START Dataset content

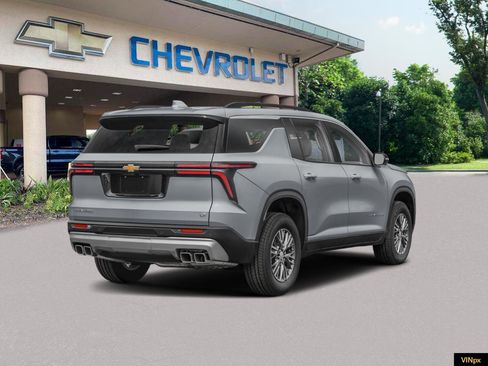 New 2026 Chevrolet Traverse LT w/ Driver Confidence Package image 2
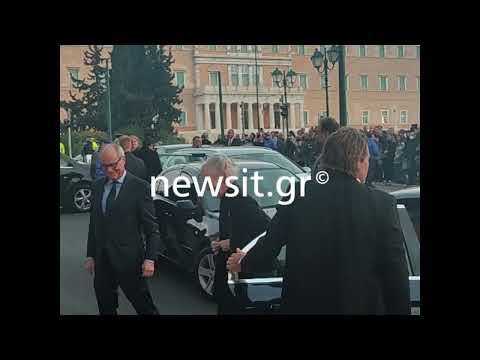 Κηδεία τέως Βασιλιά Κωνσταντίνου: Άφιξη της βασίλισσας της Δανίας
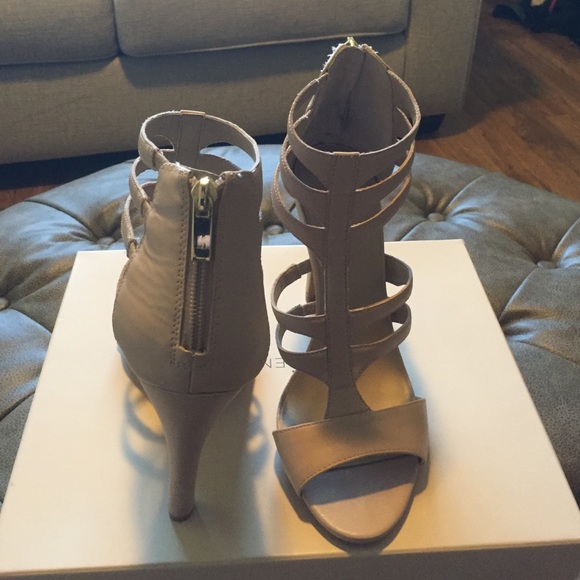 BCBG Blush Pink Heel - Picture 3 of 4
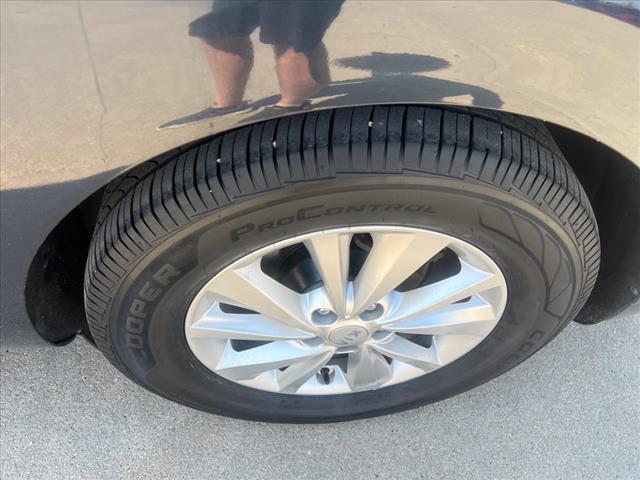2017 Kia Sedona V6AT LX PKG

END Dataset content

What the task asks:
In the copy, include no pictures, but repeat the listing exactly.

Answer for this exercise:
 New 2026 Chevrolet Traverse LT w/ Driver Confidence Package image 2
 Κηδεία τέως Βασιλιά Κωνσταντίνου: Άφιξη της βασίλισσας της Δανίας
 BCBG Blush Pink Heel - Picture 3 of 4
2017 Kia Sedona V6AT LX PKG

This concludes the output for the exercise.